Accessing and Extracting the Data

Hospital IT infrastructure is usually designed to provide easy access to the data of individual patients to deliver optimal care. Unfortunately, this does not imply that batches of data from distinct patients can be accessed, let alone extracted, easily. In particular, if the amount of manual interaction required for exporting data is too high, individual retrospective studies might be feasible, but the automatic real-time deployment of prediction models on live data may not be feasible. Data access can be challenging when there is only one source but even more so if there are multiple disparate data sources one must incorporate. In our project, we had to access 3 distinct databases: HIS, PDMS, and Bedmaster (). HIS is a SAP-based system from which tables can be exported as CSV or Microsoft Excel files, and PDMS is a PostgreSQL relational database that allows exporting the results of queries in whatever table format is desired. In contrast, exporting data from the Bedmaster system turned out to be cumbersome because only XML and JSON exports are supported by default. Representing the massive amount of waveform and vital sign data in either of these verbose formats resulted in huge files that could not be processed efficiently; so, in the first step, we had to extract the relevant numerical values from the JSON files and store them in the more efficient HDF5 format. This process was considerably more intricate than anticipated because of inconsistencies in the exported data representation that are detailed in [-].

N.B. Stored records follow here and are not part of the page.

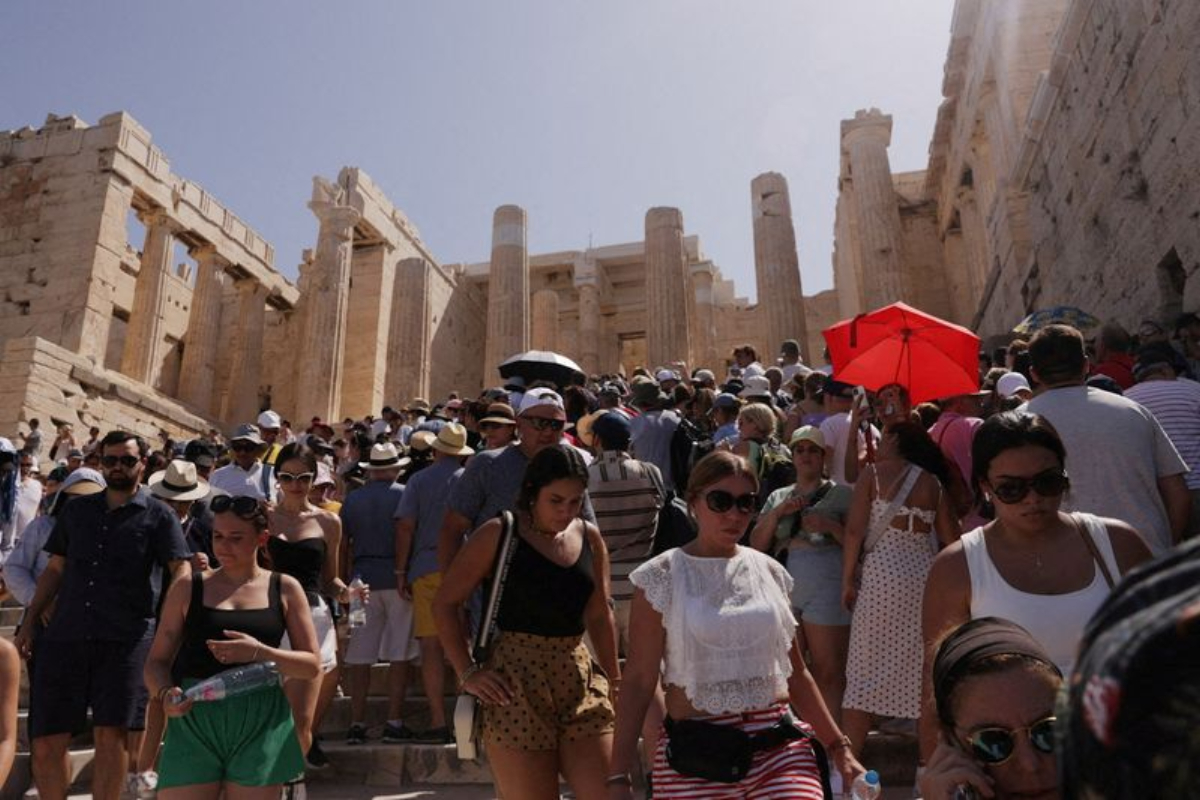 Europe's hot summer
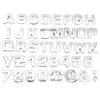 1pcs 3D DIY Chrome ABS ABS Alphate Number Symbol Symbol Car Decal Stickers Universal для Honda/VW // skoda/ford/peugeot1754317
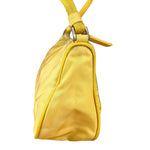 Prada Vintage Nylon Yellow Pochette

Matching Data From Different Sources

Data exported from different sources must be matched to obtain coherent records of the patients or cases under consideration. Under normal circumstances, this is straightforward because of common identifiers. However, according to our experience, such identifiers do not always need to be present or change over time. Specifically, data exported from the Bedmaster system lack identifiers, such as patient or case IDs. Knowing only the ICU bed they stem from, as well as the precise timestamp of each single recorded value, we had to assign the corresponding IDs manually based on the information about which patient occupied which ICU bed at which time. This approach works but is cumbersome and adds extra complexity and is another potential source of mistakes. It is also more difficult to automate than simply joining tables on common ID columns.

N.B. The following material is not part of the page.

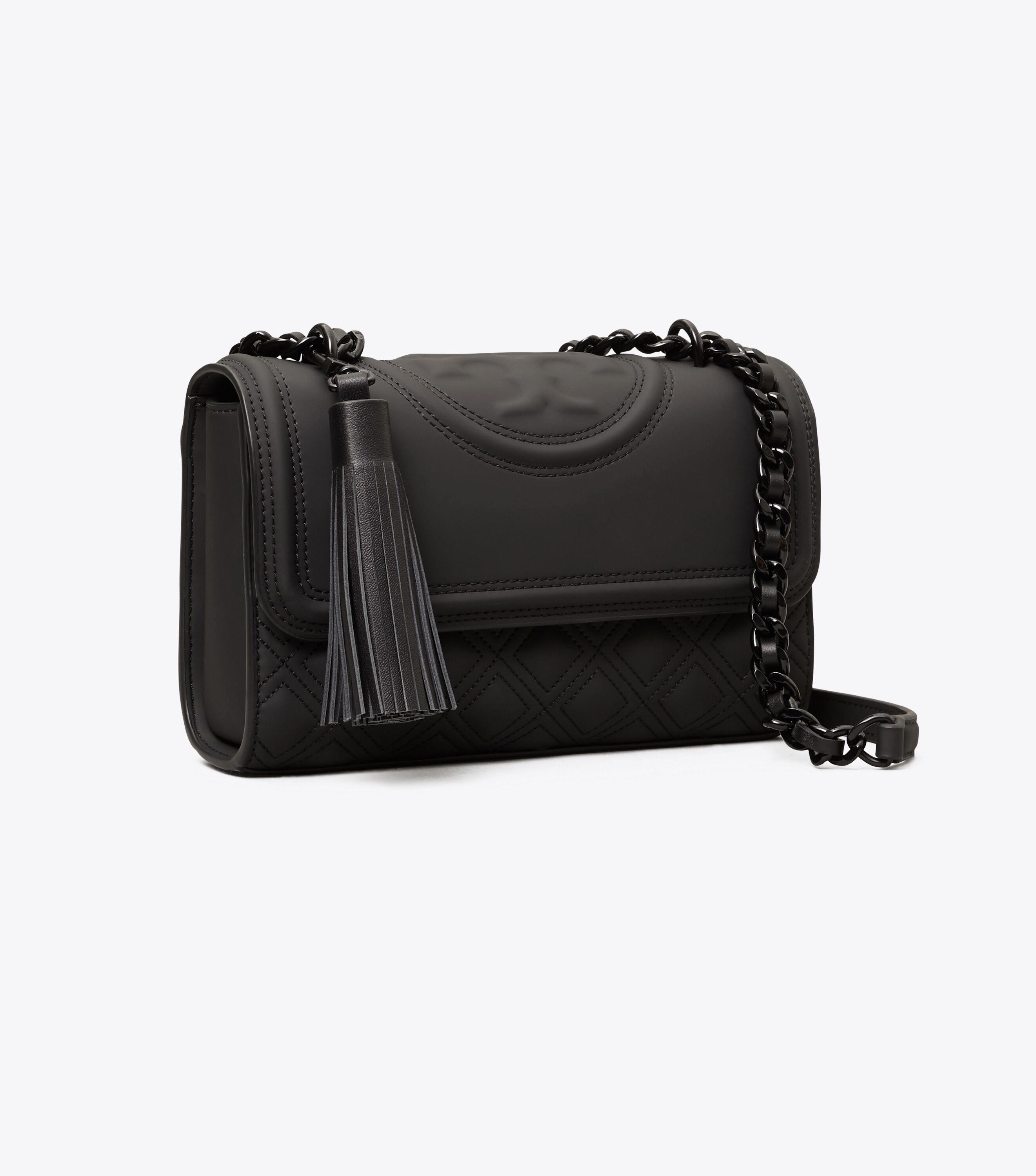 Matte black tory 2025 burch fleming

Mappings between identifiers and the entities they refer to may change over time as experienced in our project with drug codes. Every drug has a unique code that is used to reference it in prescription tables, but for unknown reasons, the coding changes at certain points in time. The precise information when this happens is stored in another table, so that drug names can be recovered from the provided codes and timestamps of prescriptions. Yet again, the whole process is not as straightforward as we would have hoped.

Deidentification

Sensible personal information stored in EHRs can only be shared in a deidentified form. There are no universal rules on how data need to be deidentified, as long as identifying individual patients afterward becomes practically impossible. In our project, deidentification amounted to removing patient names and replacing hospital identifiers, such as patient IDs or case IDs, with project-internal identifiers that could be used to match corresponding data items across different tables. Furthermore, all timestamps were shifted by a random per-patient offset in the future to avoid reidentification of patients from knowing their exact admission or discharge times. Timestamps were shifted after matching data from different sources because some matching strategies depend on precise temporal information, as described earlier. The timestamps were shifted such that the time of day and day of week were preserved because both constitute potentially valuable information for downstream data analysis tasks. The same is true for seasonality, which was also roughly preserved. This deidentification policy is analogous to that used for MIMIC-III []. We remark that it is not as thorough as the policy implemented for releasing the more recent AmsterdamUMCdb []: there, theoretical concepts such as k-anonymity and l-diversity are considered to render reidentifying individual patients practically impossible under advanced threat models assuming “rogue researchers” and “rogue insurance companies” with access to the data. As, in our case, all data (even in deidentified form) are kept private and can only be accessed by project members, we did not deem such a thorough deidentification policy necessary.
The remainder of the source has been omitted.